### RECORDED INFORMATION
------------------------------------------------
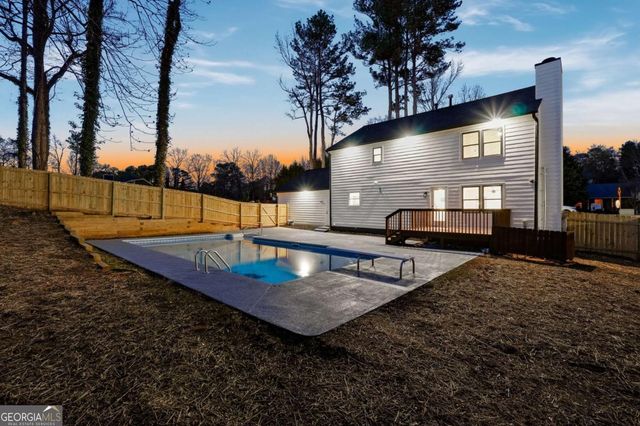 2348 Marneil Drive NE, Marietta, GA 30062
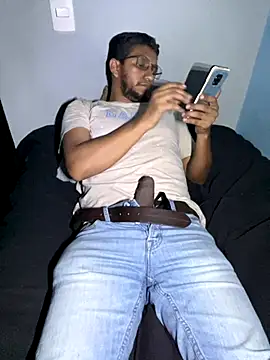 Snapshot of Darkdickhard chatting on 10-09-25, 03:15 Darkdickhard online show from 10-09-25, 03:15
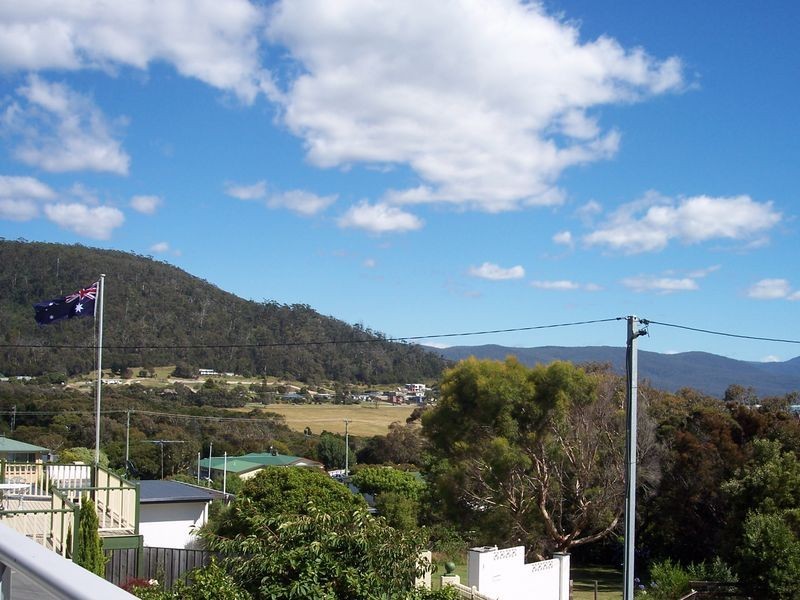 6 Gamble Crescent, Bicheno TAS 7215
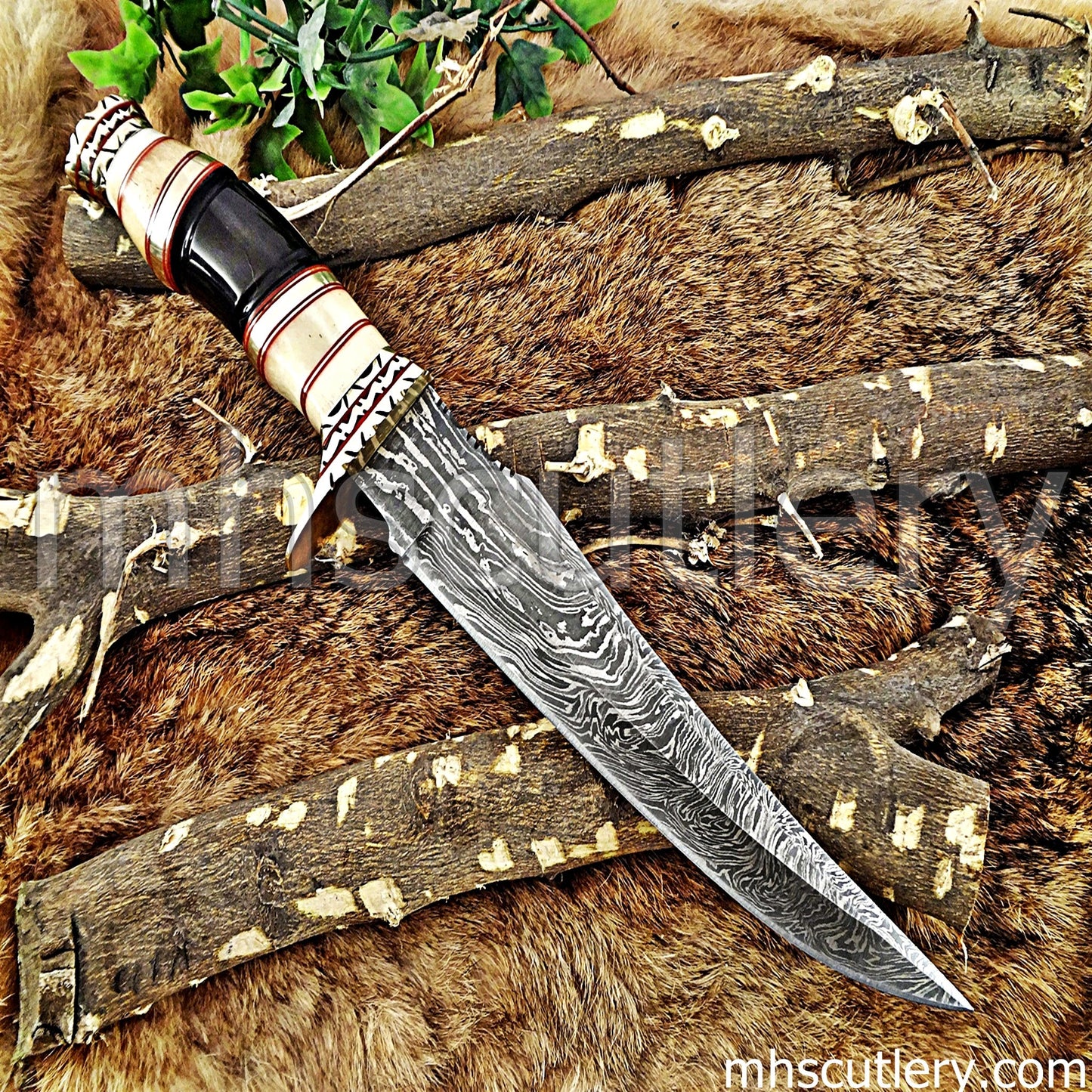 Damascus Steel Hunting Bowie Knife / Natural Handle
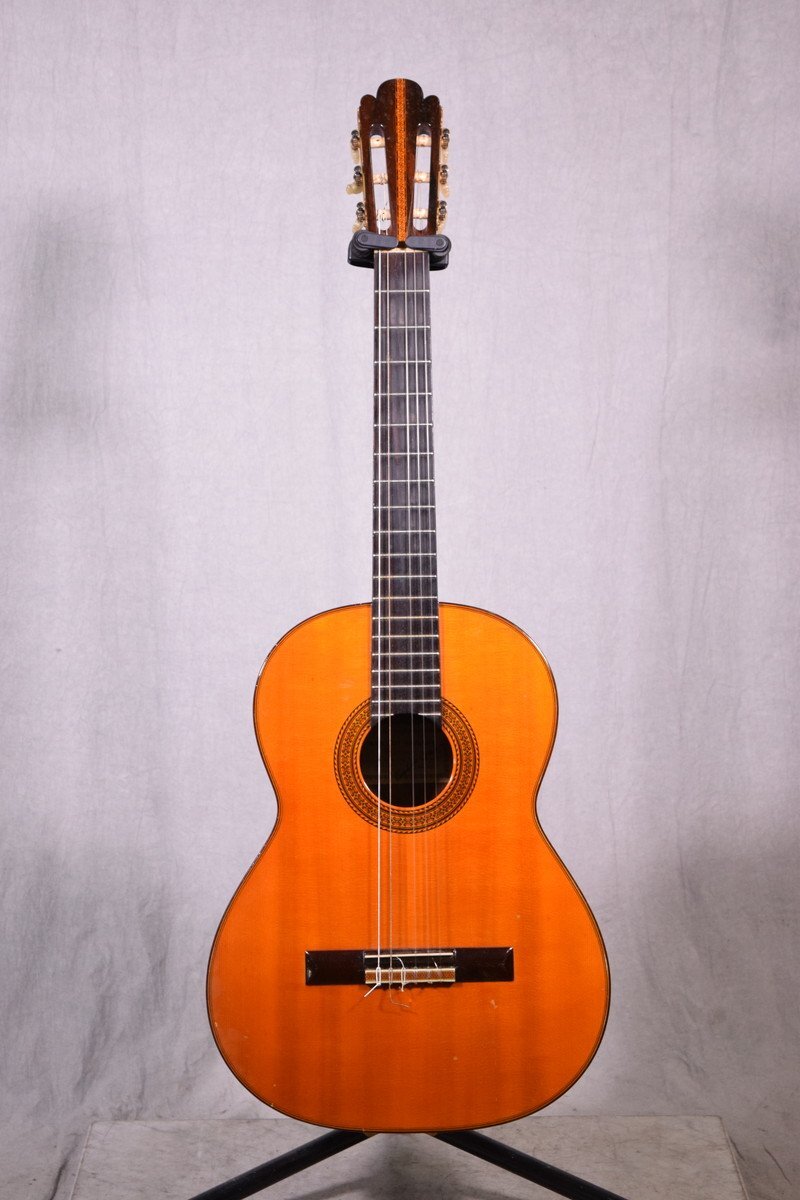 J】SAKAZO NAKADE No.1000 クラシックギター 中出阪蔵 1975年製 J】SAKAZO NAKADE No.1000 クラシックギター 中出阪蔵 1975年製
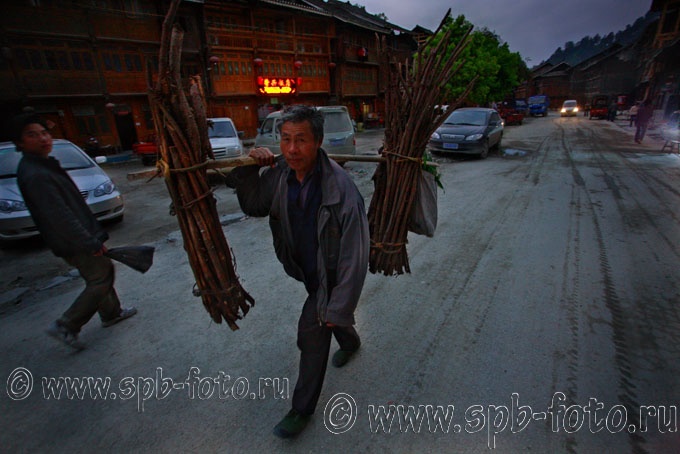 Ночная жизнь в деревне Чжаосин (Zhaoxing, Qiandongnan, Guizhou, China)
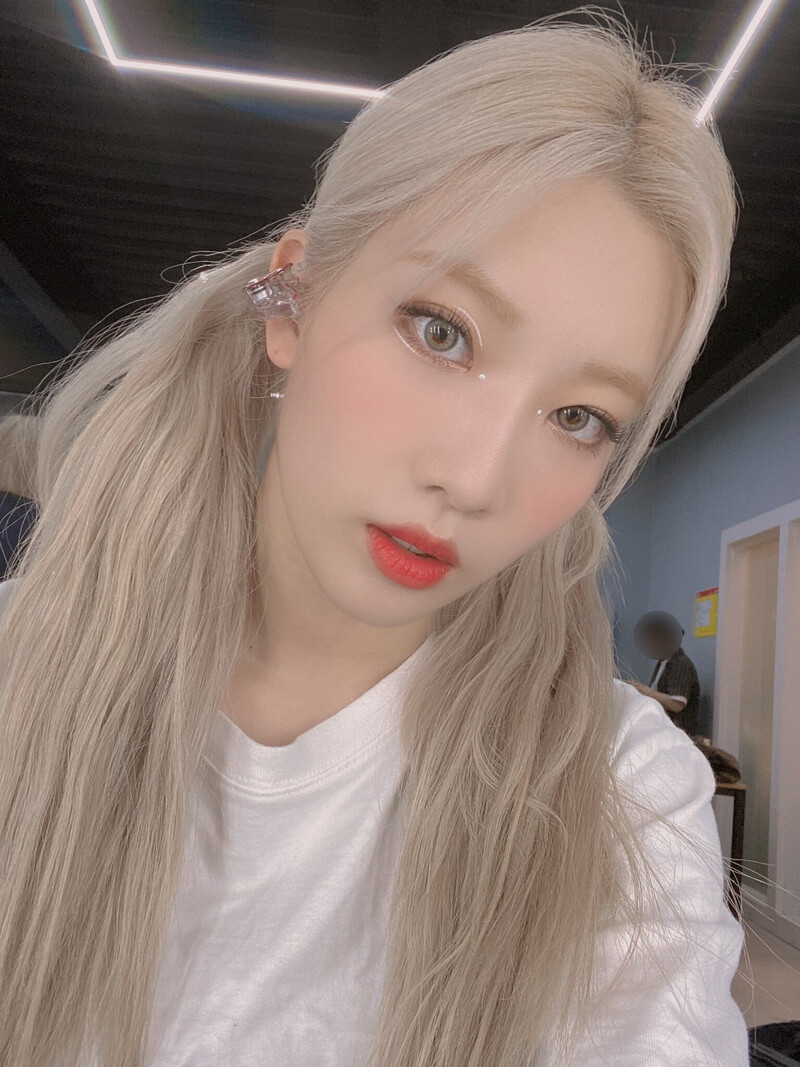 210718 LOONA Twitter Update - KimLip documents 4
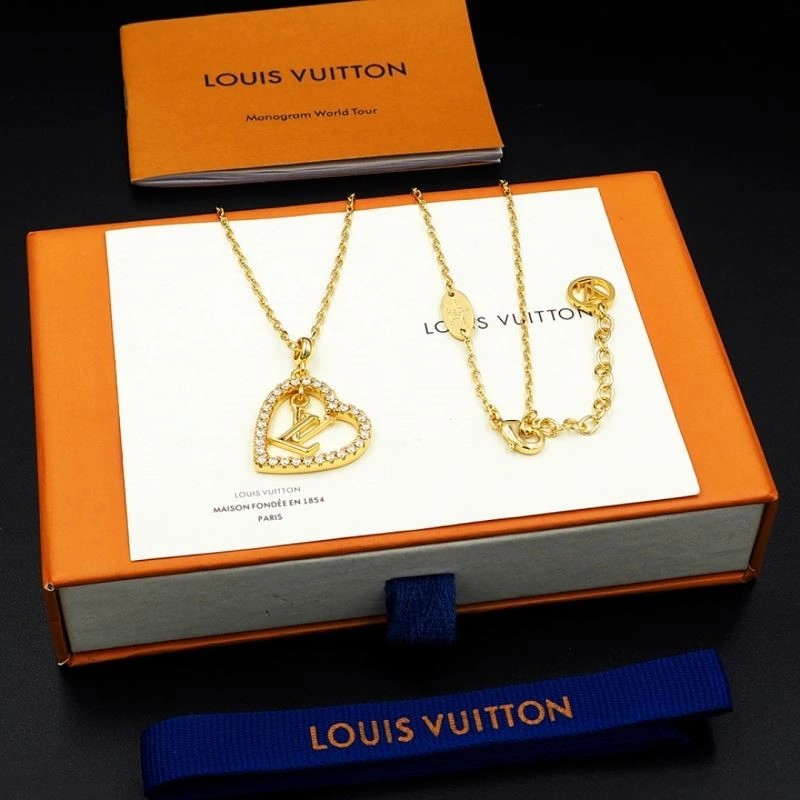 Premium Louis Vuitton Necklaces 249226
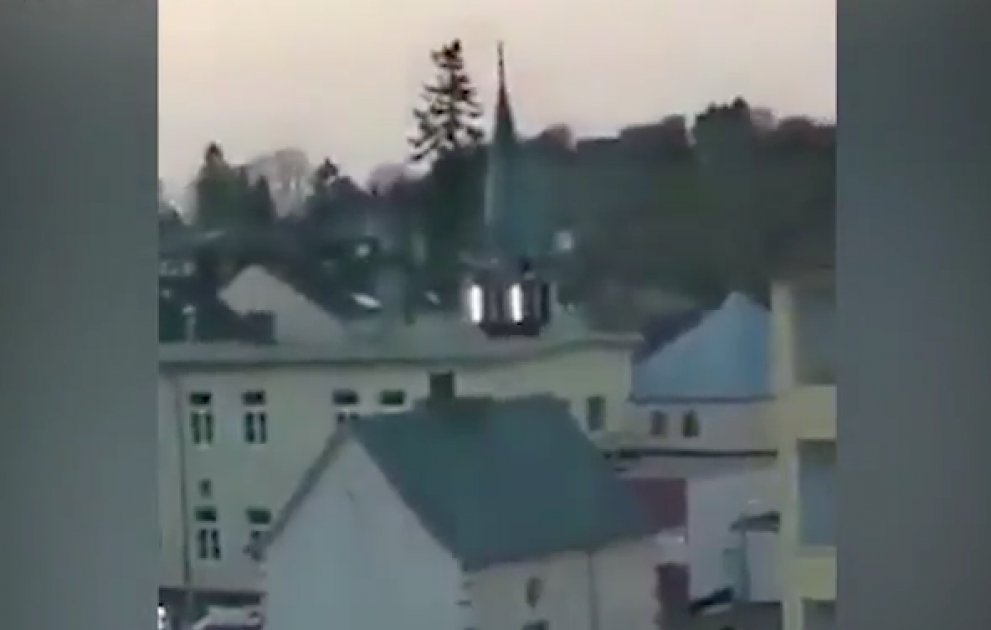 Zeichen der Solidarität zu setzen, darf in Deutschland nun der Gebetsruf von Moscheen ertönen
------------------------------------------------
### WHAT TO DO
Leave out the pictures and reproduce the rest of the records exactly.

### ANSWER TO THIS EXERCISE
 2348 Marneil Drive NE, Marietta, GA 30062
 Snapshot of Darkdickhard chatting on 10-09-25, 03:15 Darkdickhard online show from 10-09-25, 03:15
 6 Gamble Crescent, Bicheno TAS 7215
 Damascus Steel Hunting Bowie Knife / Natural Handle
 J】SAKAZO NAKADE No.1000 クラシックギター 中出阪蔵 1975年製 J】SAKAZO NAKADE No.1000 クラシックギター 中出阪蔵 1975年製
 Ночная жизнь в деревне Чжаосин (Zhaoxing, Qiandongnan, Guizhou, China)
 210718 LOONA Twitter Update - KimLip documents 4
 Premium Louis Vuitton Necklaces 249226
 Zeichen der Solidarität zu setzen, darf in Deutschland nun der Gebetsruf von Moscheen ertönen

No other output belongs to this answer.